So I've got myself into a tangle with properties. I have quite a strong intuition about something, but a few have told me it's wrong. I'm hoping that either (i) my view is less controversial than they have made it out to be or (ii) it can be modified into something that isn't so controversial. Suppose you notice Craig's eye colour and say:
- Craig is green
This would be intuitively false, because only a bit of Craig is green: his eyes. So perhaps:
- Craig's eyes are green
This seems much better, but still, consider that, zooming in, the white of his eyes isn't green, and his pupil isn't either. So:
- Craig's irises are green
Again better still. But zooming in, Craig's irises display variations of colour; green 19 and green 14 and green N...etc. So we zoom in:
- The upper left quadrant of Craig's iris is green22 (and so on.)

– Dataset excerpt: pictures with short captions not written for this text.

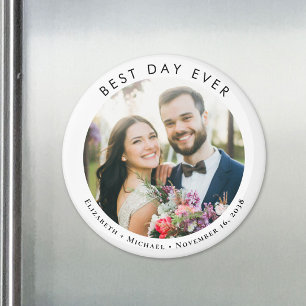Best Day Ever Wedding Photo Magnet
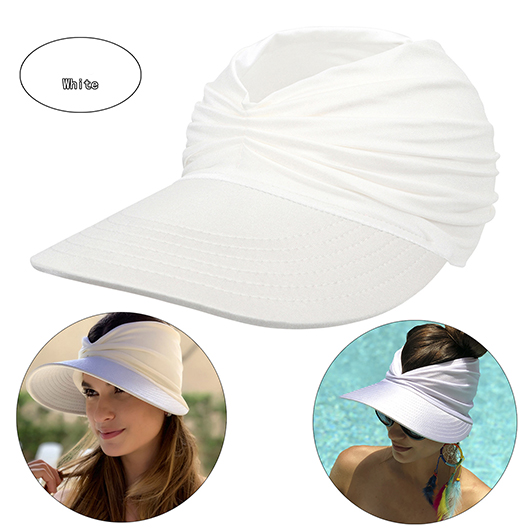 White Ruched Design Sun Visor Hat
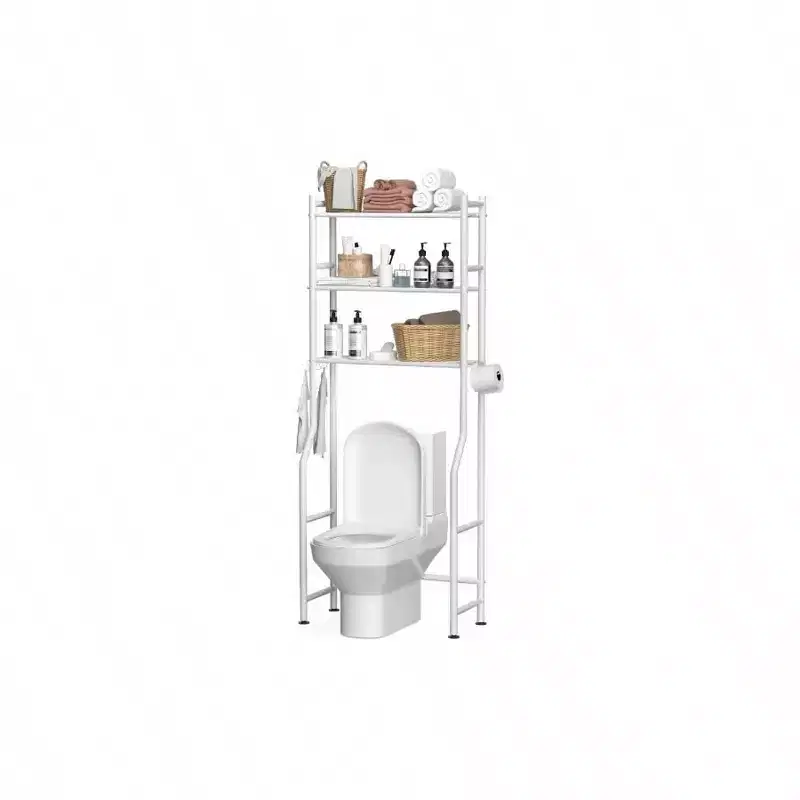 3 - Tier Over Toilet Storage Space Saver Metal Bathroom Shelves Freestanding Above Over Toilet Storage Shelf with 4 Hooks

My point is that we should keep doing this until we cease to discover property variations. Only then can we predicate a determinate shade of green, green22. So we'd say that pigment with structure xyz is green22. If we were to go any further, the property would disappear.
This seems eminently obvious to me. Of course we can talk about Craig's eyes as green, but this is strictly shorthand and unaturalistic, arising because we have a concept of green which we can attribute (my concept of green differs, since I'm colour blind).
tl;dr: I have a strong intuition that it's technically incorrect to speak of an apple as being red since only the apple skin is red and the inside might be white. For an object O with parts p,q&r, how can a (natural/reductivist) property P apply to O unless it applies it applies to all p,q,r? If it applies to only q, why not just say it's a property of q? p&r might not even be the sorts of things to which P can be applied.
Some stuff which I don't know much about but which might help:
- Lewis on naturalistic properties?
- Intrinsic vs extrinsic properties?
- Rives' paper on 'genuine' properties?